Leading comet experts have voiced skepticism over the sensational theory presented by two British astronomers, who claimed the comet currently ‘inhabited’ by the Philae lander could host alien microorganisms from outer space.
The hypothesis of the director of the Buckingham Centre for Astrobiology, Professor Chandra Wickramasinghe and his colleague Dr Max Wallis from the University of Cardiff, claimed that comet 67P/Churyumov-Gerasimenko - and others like it - could be homes to living ”extremophile” organisms. They suggested the comet’s organic-rich black crust could be home to living organisms existing beneath its icy surface.
READ MORE: Home to extraterrestrials? Philae probe could be sitting on comet filled with alien life
“No scientist active in any of the Rosetta instrument science teams assumes the presence of living micro-organisms beneath the cometary surface crust,” Uwe Meierhenrich of Université Nice Sophia Antipolis in France, told the Guardian. Meierhenrich helped develop the COSAC chemical analyzer installed on the Philae probe lander.
Meierhenrich recalled the black color of the comet’s crust was predicted decades ago, in 1986, by J. Mayo Greenberg, who said it was because of the organic molecules present in the comet’s matter reacting to hard solar radiation. It seems Philae’s data doesn’t contradict this theory.
“These explanations seem to be valid, also with regard to new data of the cometary Rosetta mission,” Meierhenrich wrote.
Even though Philae is not equipped with life detectors, the probe’s COSAC and PTOLEMY instruments could measure key organic molecules that life forms known to us consist of.
“We can thereby distinguish between the biological and astrochemical formation of organics,” Meierhenrich stated.
Ahead of the publication of the list of organic molecules already detected on the 67P/Churyumov-Gerasimenko comet, which is planned for late July in the journal Science, Meierhenrich reveals their formation was most probably non-biological.

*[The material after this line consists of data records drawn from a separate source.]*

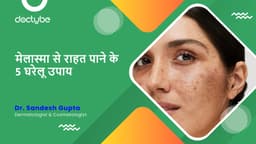 मेलास्मा से राहत पाने के 5 घरेलू उपाय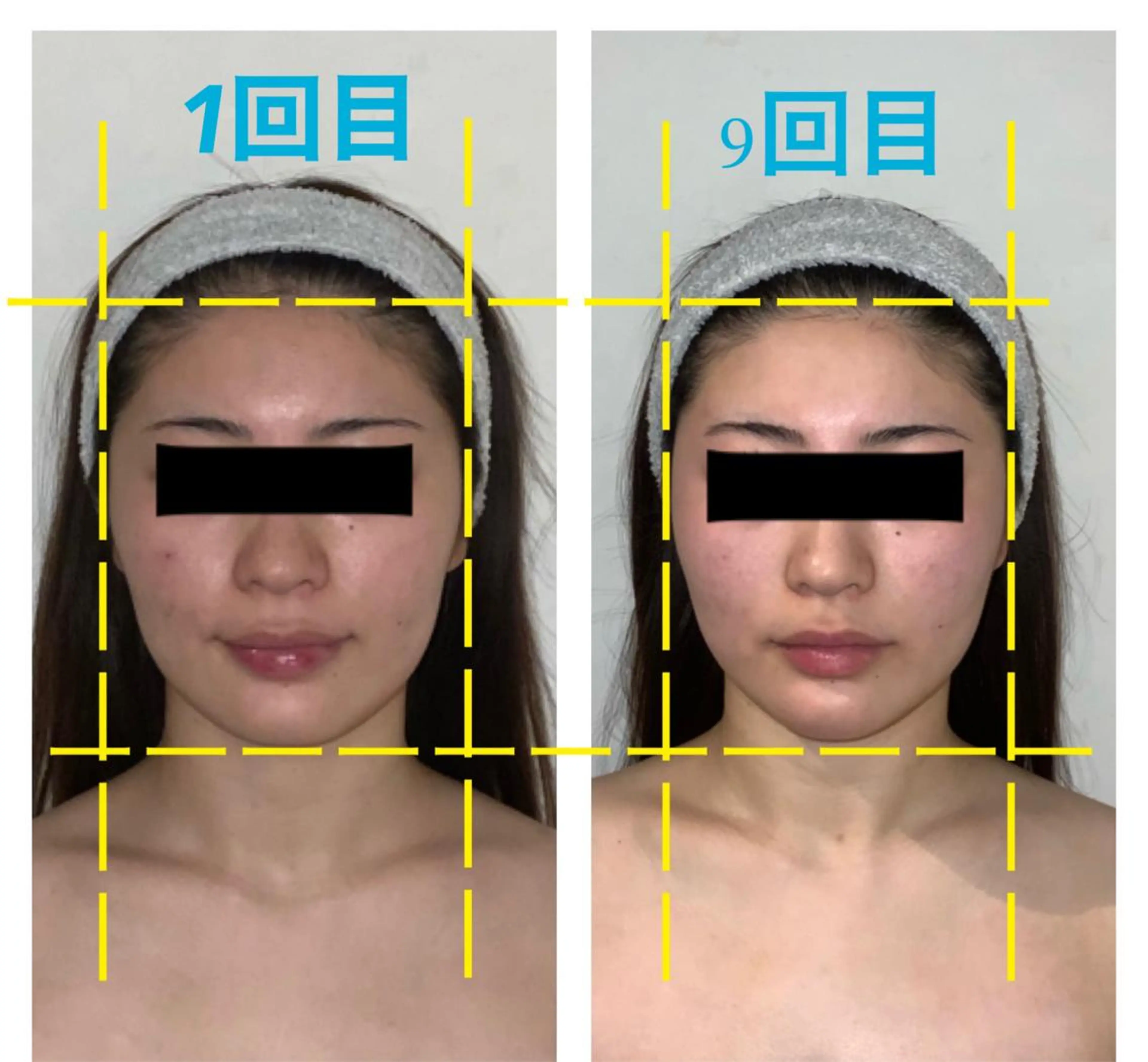 小顔プランナー辰巳 愛美のエステ・リラクイメージ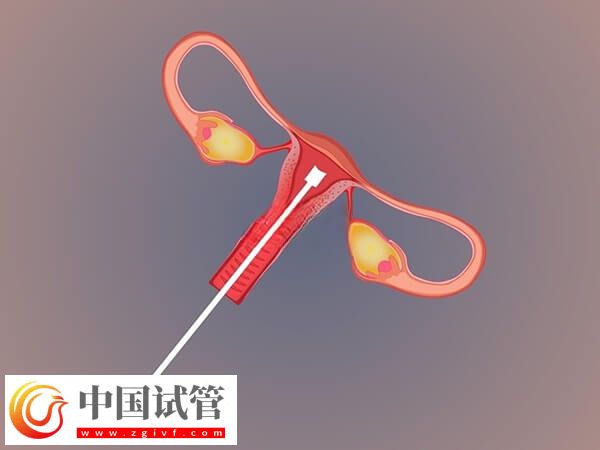 不经中介去泰国做试管要怎么做(图2) 不经中介去泰国做试管要怎么做(图1)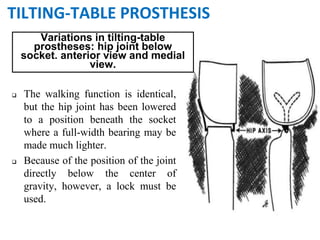 Variations in tilting-table
prostheses: hip joint below
socket. anterior view and medial
view.
 The walking function is identical,
but the hip joint has been lowered
to a position beneath the socket
where a full-width bearing may be
made much lighter.
 Because of the position of the joint
directly below the center of
gravity, however, a lock must be
used.
TILTING-TABLE PROSTHESIS
 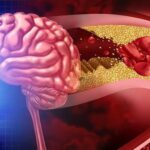 İnme ile Yeniden Doğuş: ‘Milattan Önce ve Sonrası Gibi’ Deneyimler!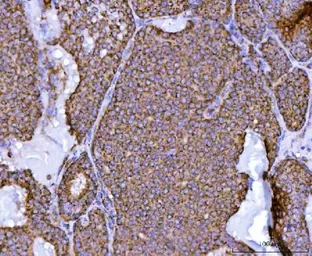 Anti-NDUFS2 antibody used in IHC (Paraffin sections) (IHC-P). GTX04733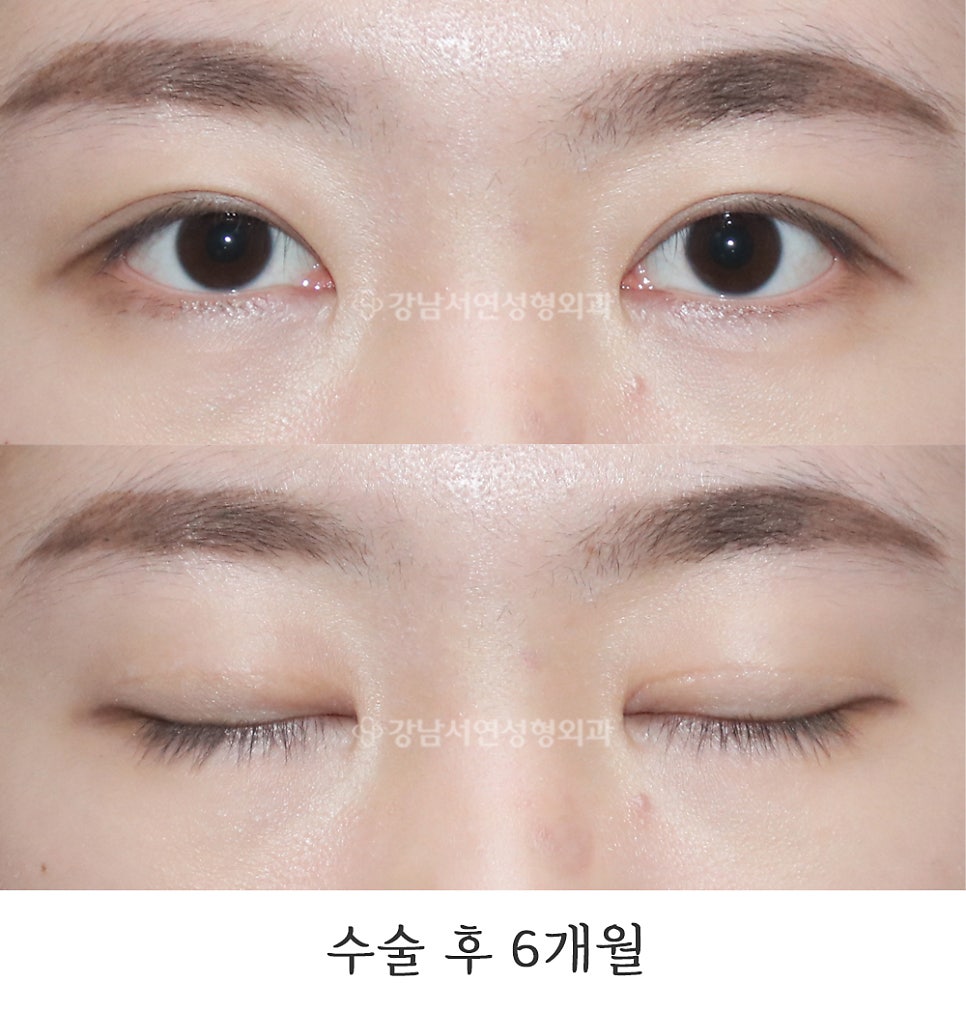 눈매 트임 수술 후 사진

“Certainly the presence of ice and organic solids on comets in general, and on Churyumov-Gerasimenko in particular, is well established. However, jumping from that to microorganisms and even to lakes of liquid water is going well beyond the data,” Chris McKay, an astrobiologist at NASA's Ames Research Center, told NBC News in an email. “Of course many speculations that go beyond the data prove to be correct when adequate data is collected. But many more speculations that go beyond the data turn out to be incorrect,” McKay wrote.
Professor Chandra Wickramasinghe, who proposed the existence of life on the comet, is a world-famous proponent of extraterrestrial origins of life on our planet. He suggested the currently popular theory that carbon-based life on our planet eventually emerged through the molecular “building blocks” brought to Earth by comets.
In 2001, Wickramasinghe said samples of stratospheric dust collected at an altitude of 41km contained extraterrestrial microbes. Two years later, in 2003, he made a supposition that the SARS coronavirus has extraterrestrial origins.